New hires join Mike Hayes at Serious Games International
Studio for commercial development born from Coventry Uni institute
A new commercial unit producing games and apps for the public and private sector has emerged from the Coventry University Serious Games Institute, headed up by Mike Hayes.
Serious Games International will produce games designed for advertising, customer engagement, recruitment and various other commercial needs, hoping to capitalise on a growing market - which the firm believes will expand to an estimated value of £3-4 billion in the next 24-36 months.
Hayes, a long-term industry veteran and previously head of SEGA West, was appointed as executive chairman of the concern recently and has been joined by several high profile executives recruited this week. Mark Stanger, of Eidos and WB Games joins as commercial director, SEGA's Gary Knight as a branding consultant, Paul Ranson as development director and Mark Cottam and Felix Bradshaw for business development and operations.
"Serious Games International is an offshoot of the serious Games Institute which was set up at Coventry University several years ago," Hayes told GamesIndustry.biz. "In fact it was the first serious games institute of any university in the world so they've spent several years in R&D to markets, use habits and building several prototypes and products.
"What they wanted to do, with the explosion of the market, certainly in the last year if not two years, is to commercialise all of that R&D. We're trying to establish a customer base, a good R&D group and of course we need to employ good people. Serious gaming is one of the fastest growing parts of interactive entertainment. It's going to grow to £3-4bn in the next 2-3 years."
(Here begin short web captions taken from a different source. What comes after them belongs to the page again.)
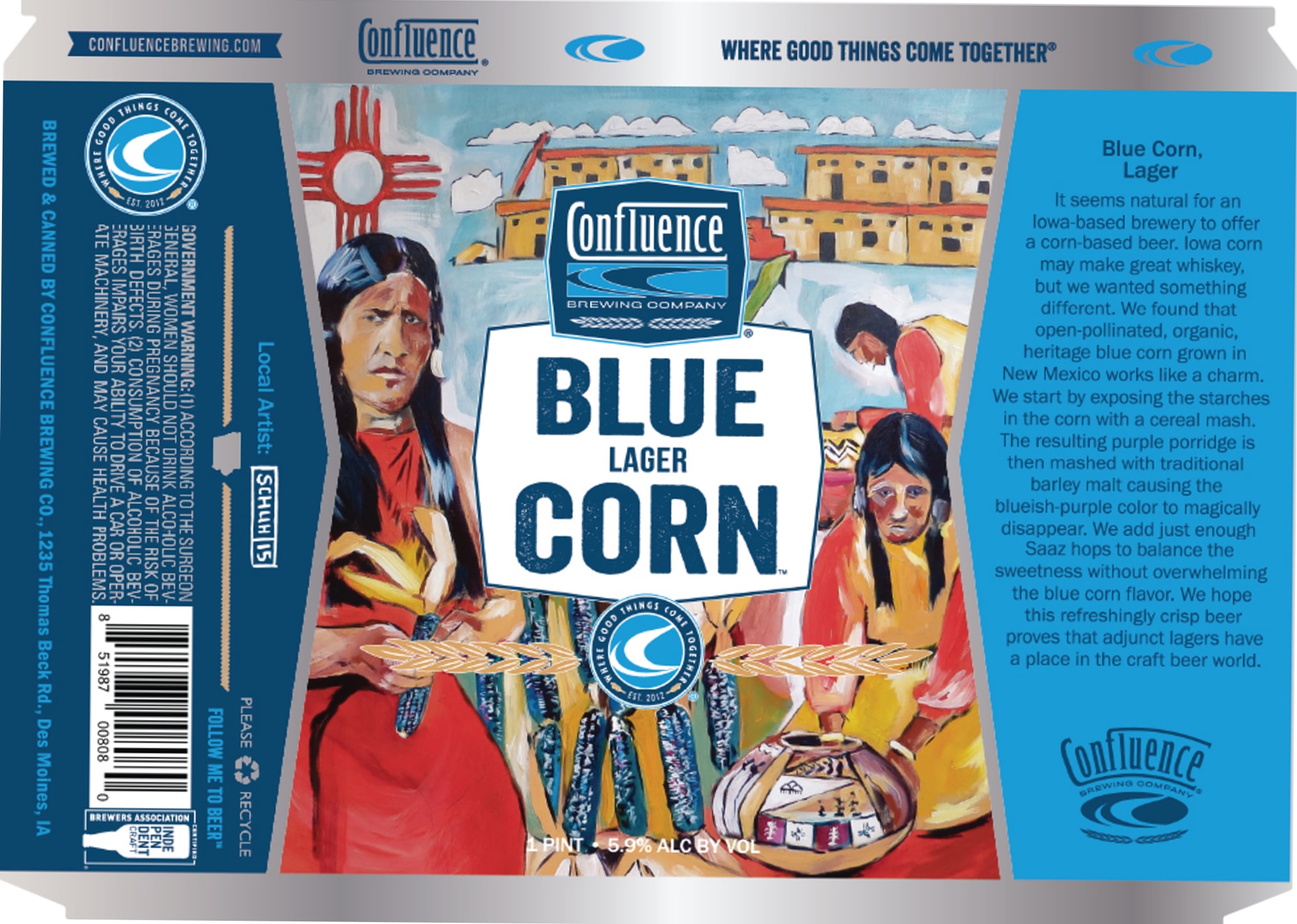 Blue Corn Lager by Confluence Brewing Company - beer label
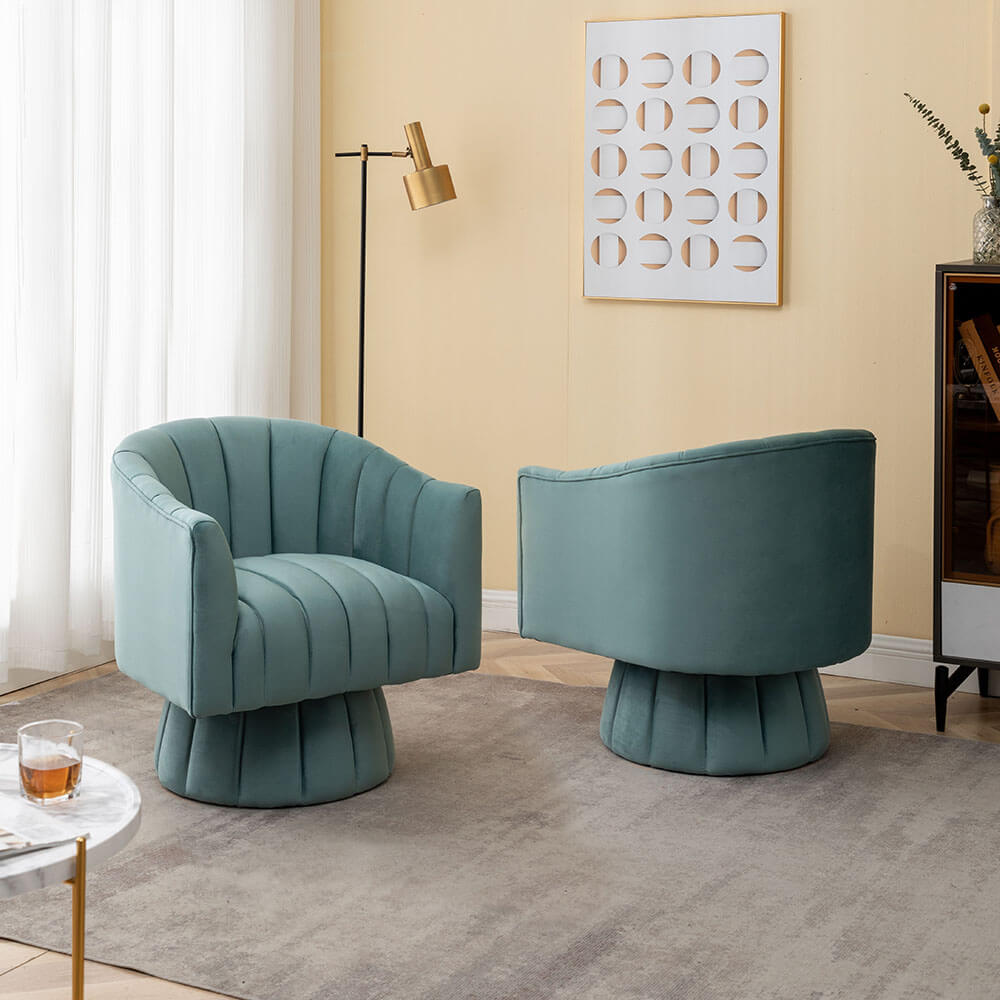 SEYNAR Accent Chair Mid Century 360 Degree Swivel Chair Set of 2/Single
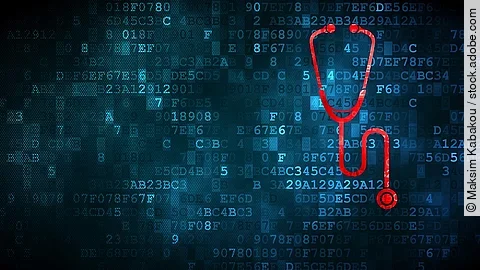 Vor einem dunkelblauen Hintergrund aus Daten in Form von Zahlen und Buchstaben, ist ein rotes Stethoskop.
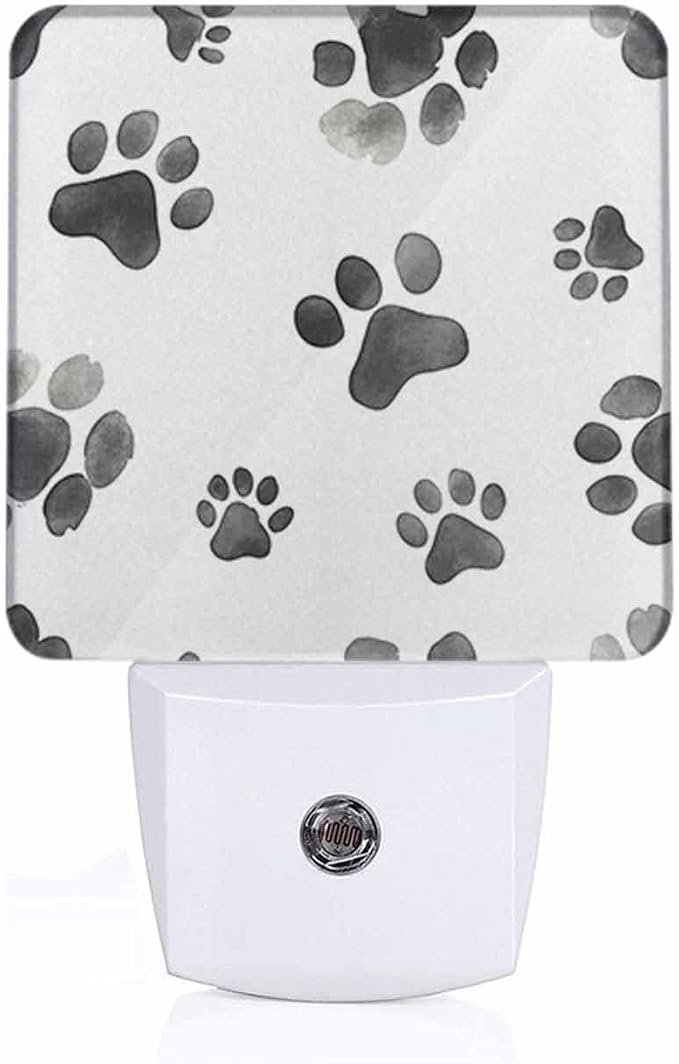 Dog Paw Prints Night Light Plug-into Wall Gray Paw Prints Nightlight Lamp with Dusk to Dawn Sensor, Led Lamp 0.5W Energy Efficient for Home Decor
Hayes hopes to attract customers from both the public and private sectors and says that the company is already working with clients in business and healthcare.
"The whole serious game/gamification market is pretty broad, so it's private and public sector. The gamespace learning is already a massive market and kind of separated from gamification and serious gaming. It's going to apps used in hospitals for patients, it's going to be homecare. But it's also going to be for the private sector, where we can help them communicate with their employees, to recruit or provide training, build customer loyalty. But also fun apps for advertisers and media companies who want something more than just low grade apps on smartphones and tablets."